_Work to complete:_ Reproduce exactly the lines of this material that begin at the line with "Seventy Broderie-Anglaise Tiered" and end at the line with "Polish Texan Poland", both included. Omit the pictures and everything else.

_Information supplied:_
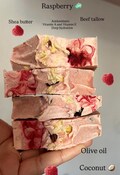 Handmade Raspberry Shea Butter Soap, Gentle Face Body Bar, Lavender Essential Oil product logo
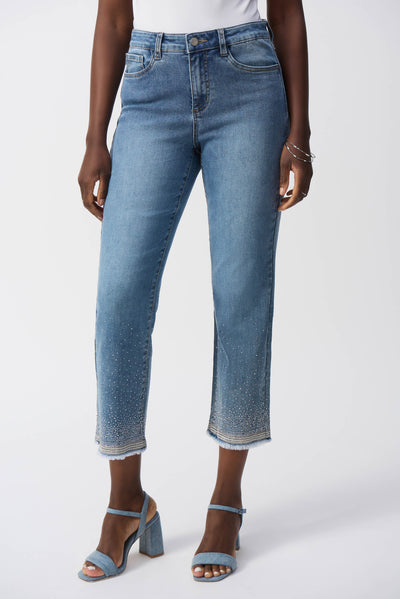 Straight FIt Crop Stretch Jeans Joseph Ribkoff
==
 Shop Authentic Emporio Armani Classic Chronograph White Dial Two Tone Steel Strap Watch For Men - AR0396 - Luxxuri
* * *
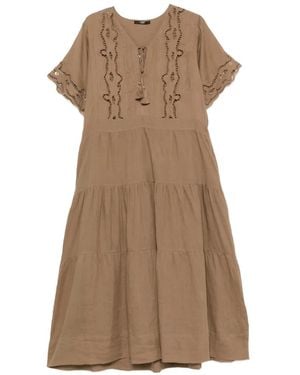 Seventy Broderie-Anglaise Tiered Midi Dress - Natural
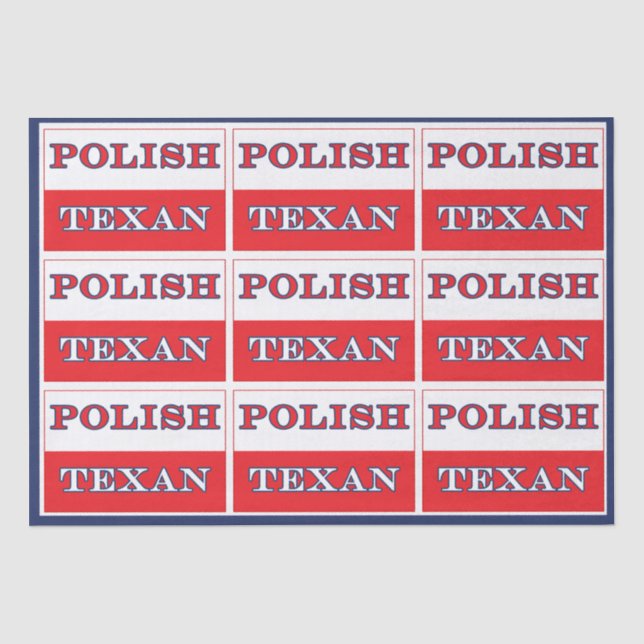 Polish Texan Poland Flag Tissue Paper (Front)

_Written solution:_
 Seventy Broderie-Anglaise Tiered Midi Dress - Natural
 Polish Texan Poland Flag Tissue Paper (Front)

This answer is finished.